After talking to hundreds of parents over the years and hearing from so many top family tech experts, here’s a few to recommend 🙂
Time-based screen time management
When it comes to managing screen time, the most popular, and perhaps most logical, approach is to limit it based on time.
You’ll find various opinions about how much is “too much” screen time for kids, but most studies indicate that when children start to go above 3 hours a day on screens, it can result in some problematic behavior. However, not all screen time is the same, parents should factor in the type of content your kids are consuming, as well as your children’s ages when making a decision. But these are two ways to set some limits:
Set a certain amount of screen time each day:
Many parents set simple time limits on screen time, and that works well for their families. Just know that tracking can become somewhat of a challenge, especially if you’ve got more than one child, but the overall premise is a simple and viable screen time management option.
Designate a time of day (or week) for screen time:
Another approach to a time-based screen time management system is to pick a specific time of day, or even, day of the week when your kids are able to consume screen time. Some parents allow their kids to be on screens in the early morning, or late afternoon right after school and before homework, to give them a chance to chill out or socialize with friends online.
Other parents limit screen time to weekends only, whatever the time of day. This strategy makes for easier tracking, but could add up to more hours overall, so give it a shot and see if you think this is the right strategy for your own kids.
Bottom line: You know your child best, and if you’re happy with their behavior, their school performance, their social life, and their interest in other hobbies and screen-free activities, then you’re probably on the right track. So congrats to you!
Reward-based screen time management
Many parents like the idea of kids earning their screen time, which could work especially well for younger kids, or parents who are working to increase (or decrease) a specific behavior in their kids.

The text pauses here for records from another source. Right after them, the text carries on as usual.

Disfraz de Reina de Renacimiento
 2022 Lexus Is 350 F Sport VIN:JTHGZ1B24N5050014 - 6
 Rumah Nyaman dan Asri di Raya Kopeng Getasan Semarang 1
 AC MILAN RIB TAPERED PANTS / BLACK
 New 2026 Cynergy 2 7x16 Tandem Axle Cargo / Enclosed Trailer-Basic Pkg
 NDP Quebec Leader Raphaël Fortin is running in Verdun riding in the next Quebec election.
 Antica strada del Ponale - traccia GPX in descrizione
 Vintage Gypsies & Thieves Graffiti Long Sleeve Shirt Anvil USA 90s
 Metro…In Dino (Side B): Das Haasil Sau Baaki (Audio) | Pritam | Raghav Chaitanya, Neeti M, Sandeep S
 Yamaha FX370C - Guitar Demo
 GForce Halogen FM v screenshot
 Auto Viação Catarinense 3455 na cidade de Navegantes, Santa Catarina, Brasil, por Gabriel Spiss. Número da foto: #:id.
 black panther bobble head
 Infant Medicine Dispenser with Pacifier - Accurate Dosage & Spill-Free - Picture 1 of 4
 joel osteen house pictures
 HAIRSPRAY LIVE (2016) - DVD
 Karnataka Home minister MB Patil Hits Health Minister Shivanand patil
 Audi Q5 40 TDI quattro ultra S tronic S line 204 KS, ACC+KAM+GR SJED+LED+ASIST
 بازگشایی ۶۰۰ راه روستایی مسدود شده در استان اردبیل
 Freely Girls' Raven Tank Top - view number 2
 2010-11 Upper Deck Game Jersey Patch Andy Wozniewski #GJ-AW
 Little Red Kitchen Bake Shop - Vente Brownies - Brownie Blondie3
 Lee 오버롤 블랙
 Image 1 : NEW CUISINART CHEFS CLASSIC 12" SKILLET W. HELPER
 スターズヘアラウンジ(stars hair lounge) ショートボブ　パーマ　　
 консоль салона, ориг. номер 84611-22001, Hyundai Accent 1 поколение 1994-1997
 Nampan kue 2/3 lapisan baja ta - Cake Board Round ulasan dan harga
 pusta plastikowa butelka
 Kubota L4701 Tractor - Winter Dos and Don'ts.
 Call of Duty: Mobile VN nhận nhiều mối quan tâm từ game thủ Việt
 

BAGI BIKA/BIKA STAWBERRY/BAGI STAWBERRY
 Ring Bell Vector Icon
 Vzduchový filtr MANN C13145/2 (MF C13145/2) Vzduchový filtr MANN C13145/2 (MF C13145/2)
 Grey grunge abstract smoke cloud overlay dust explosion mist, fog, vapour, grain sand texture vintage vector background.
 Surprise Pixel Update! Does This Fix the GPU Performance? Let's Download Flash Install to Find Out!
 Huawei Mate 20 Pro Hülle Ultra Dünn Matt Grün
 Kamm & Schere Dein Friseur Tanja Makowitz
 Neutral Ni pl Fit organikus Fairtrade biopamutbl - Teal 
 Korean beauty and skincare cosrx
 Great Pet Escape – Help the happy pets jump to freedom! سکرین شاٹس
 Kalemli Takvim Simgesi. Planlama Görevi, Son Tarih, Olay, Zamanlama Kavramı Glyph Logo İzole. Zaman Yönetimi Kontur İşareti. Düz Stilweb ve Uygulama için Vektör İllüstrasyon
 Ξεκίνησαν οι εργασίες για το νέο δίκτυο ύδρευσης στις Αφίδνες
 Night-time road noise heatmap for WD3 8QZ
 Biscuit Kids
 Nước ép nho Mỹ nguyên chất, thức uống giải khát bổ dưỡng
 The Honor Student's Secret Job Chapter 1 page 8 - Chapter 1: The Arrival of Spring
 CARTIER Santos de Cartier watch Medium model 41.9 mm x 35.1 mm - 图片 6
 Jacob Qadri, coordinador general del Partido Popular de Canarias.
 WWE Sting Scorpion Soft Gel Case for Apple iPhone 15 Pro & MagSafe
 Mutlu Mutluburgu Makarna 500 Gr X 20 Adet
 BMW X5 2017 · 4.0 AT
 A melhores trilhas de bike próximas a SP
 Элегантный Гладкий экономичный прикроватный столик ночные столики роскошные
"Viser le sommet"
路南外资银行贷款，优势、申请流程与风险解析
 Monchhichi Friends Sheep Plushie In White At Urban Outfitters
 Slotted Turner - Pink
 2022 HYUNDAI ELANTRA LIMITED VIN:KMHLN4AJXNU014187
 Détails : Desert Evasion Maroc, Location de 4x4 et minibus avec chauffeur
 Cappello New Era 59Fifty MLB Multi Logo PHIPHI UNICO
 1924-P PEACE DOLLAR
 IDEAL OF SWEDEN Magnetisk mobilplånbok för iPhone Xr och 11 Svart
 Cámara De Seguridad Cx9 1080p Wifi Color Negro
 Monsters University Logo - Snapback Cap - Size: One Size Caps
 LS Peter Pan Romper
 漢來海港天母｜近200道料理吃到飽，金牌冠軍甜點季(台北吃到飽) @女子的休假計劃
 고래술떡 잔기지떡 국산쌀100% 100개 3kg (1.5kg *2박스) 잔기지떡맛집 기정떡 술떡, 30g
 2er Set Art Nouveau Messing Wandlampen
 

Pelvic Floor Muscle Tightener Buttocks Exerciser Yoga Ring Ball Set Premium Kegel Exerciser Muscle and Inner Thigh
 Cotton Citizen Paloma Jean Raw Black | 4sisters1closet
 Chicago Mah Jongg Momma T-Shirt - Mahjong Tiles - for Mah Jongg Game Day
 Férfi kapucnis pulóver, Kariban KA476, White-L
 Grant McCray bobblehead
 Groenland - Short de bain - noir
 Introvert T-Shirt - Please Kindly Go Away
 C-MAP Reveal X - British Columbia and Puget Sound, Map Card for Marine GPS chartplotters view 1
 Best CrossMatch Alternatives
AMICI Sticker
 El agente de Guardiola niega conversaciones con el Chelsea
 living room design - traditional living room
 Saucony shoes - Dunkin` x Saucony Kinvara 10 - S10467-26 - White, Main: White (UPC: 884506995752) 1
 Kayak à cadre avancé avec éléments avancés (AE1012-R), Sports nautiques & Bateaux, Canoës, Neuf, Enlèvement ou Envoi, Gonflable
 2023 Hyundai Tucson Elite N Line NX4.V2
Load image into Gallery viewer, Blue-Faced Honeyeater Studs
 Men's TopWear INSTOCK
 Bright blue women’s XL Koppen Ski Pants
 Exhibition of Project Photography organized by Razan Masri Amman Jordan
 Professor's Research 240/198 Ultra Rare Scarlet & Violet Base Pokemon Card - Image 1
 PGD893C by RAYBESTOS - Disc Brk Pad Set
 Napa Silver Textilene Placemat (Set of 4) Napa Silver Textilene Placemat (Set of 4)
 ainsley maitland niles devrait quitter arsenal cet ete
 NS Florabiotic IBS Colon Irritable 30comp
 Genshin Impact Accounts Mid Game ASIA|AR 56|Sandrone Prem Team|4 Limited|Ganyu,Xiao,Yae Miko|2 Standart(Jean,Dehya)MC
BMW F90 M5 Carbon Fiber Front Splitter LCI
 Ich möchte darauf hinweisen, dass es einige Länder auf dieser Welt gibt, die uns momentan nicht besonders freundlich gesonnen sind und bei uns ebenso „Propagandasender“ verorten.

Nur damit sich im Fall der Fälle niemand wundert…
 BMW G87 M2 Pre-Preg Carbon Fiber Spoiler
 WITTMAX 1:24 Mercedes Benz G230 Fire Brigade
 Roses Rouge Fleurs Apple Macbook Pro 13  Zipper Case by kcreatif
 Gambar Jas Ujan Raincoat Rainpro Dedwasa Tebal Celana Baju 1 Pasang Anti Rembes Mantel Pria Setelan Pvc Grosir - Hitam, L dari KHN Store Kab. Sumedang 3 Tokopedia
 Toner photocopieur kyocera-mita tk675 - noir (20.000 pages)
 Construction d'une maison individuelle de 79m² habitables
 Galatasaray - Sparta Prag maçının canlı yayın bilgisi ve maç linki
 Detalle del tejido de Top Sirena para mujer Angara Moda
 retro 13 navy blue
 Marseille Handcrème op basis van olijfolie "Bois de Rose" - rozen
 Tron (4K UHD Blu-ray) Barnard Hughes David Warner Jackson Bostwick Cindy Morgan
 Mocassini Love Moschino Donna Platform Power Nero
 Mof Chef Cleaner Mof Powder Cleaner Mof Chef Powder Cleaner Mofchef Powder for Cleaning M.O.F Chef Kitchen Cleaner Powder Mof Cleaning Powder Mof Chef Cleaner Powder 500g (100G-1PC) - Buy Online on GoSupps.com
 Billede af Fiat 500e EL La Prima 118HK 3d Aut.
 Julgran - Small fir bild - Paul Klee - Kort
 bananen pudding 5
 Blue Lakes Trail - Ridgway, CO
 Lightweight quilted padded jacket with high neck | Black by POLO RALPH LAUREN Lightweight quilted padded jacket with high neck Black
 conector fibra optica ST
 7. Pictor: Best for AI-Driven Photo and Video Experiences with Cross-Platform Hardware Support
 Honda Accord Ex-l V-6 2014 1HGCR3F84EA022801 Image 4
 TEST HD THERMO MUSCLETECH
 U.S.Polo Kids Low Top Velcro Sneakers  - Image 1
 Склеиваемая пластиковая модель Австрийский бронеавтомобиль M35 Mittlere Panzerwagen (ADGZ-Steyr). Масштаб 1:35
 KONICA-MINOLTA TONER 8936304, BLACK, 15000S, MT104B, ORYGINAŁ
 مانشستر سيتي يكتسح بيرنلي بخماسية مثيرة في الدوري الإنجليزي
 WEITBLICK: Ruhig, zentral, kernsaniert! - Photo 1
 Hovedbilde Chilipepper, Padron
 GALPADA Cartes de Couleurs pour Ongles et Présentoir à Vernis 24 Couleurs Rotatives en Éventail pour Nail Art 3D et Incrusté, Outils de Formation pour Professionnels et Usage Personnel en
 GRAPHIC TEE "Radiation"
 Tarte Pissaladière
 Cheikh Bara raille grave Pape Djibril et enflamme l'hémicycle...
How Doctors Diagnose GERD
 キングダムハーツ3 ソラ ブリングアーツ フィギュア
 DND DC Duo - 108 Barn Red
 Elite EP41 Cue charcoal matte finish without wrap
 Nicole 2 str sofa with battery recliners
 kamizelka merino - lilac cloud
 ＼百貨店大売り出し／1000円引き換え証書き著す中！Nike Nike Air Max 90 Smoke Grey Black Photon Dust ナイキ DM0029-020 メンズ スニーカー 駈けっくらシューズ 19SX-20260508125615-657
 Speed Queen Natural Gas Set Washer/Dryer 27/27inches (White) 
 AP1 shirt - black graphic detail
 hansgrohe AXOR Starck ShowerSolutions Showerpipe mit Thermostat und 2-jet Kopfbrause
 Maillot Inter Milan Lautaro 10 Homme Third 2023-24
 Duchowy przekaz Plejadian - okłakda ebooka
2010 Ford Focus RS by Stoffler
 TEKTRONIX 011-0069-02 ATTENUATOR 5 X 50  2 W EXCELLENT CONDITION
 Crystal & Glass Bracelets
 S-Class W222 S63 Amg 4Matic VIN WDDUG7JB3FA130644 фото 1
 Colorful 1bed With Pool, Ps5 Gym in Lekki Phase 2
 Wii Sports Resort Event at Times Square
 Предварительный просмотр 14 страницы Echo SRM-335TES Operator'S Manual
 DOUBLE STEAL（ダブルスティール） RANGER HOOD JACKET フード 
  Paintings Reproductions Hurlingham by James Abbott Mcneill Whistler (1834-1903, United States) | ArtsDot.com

It’s good to know however, that this system does position screen time as a reward versus a leisure activity or educational activity, and some screen time experts have cautioned parents about this because it leads to an even greater obsession with screen time.
In fact, compare it with how you talk about dessert — is it a reward? A treat? A sometimes thing? An every night thing? This may help you consider how to talk about screens in general, and how and when to offer gadgets up to your kids.
Reward Tactic 1: The Marble Jr
The Marble Jar system for screen time rewards is a simple, reward-based strategy to screen time management that’s easy to implement. Especially for younger kids, it worked well in our own homes.
You simply need a jar, some marbles, and a timer; then set rules around how your kids can earn marbles based on behavior you want to reward (say, remembering homework without being asked, or decreasing whining). You also decide how much screen time each marble is worth. Then, kids pay you for screen time with their marbles.
It teaches them loads about resource management and prioritization as well.
Reward Tactic 2; This for that
If you’re trying to get your kids to read more, journal, play outside, or engage in more off-screen activities in general, you can offer them screen time in the same amount of time they engage in an activity that’s more “analog.”
It’s very simple. Like, one hour of playing outside equals one hour of Fortnite. However you want to be careful not to demonize those other activities as if they’re chores deserving of reward. (I mean, playing soccer outside on a nice day is hardly drudgery!) For this reason, this approach works well at times your kids have already exhausted their allotted screen time allowance and you want to give them the option to earn more.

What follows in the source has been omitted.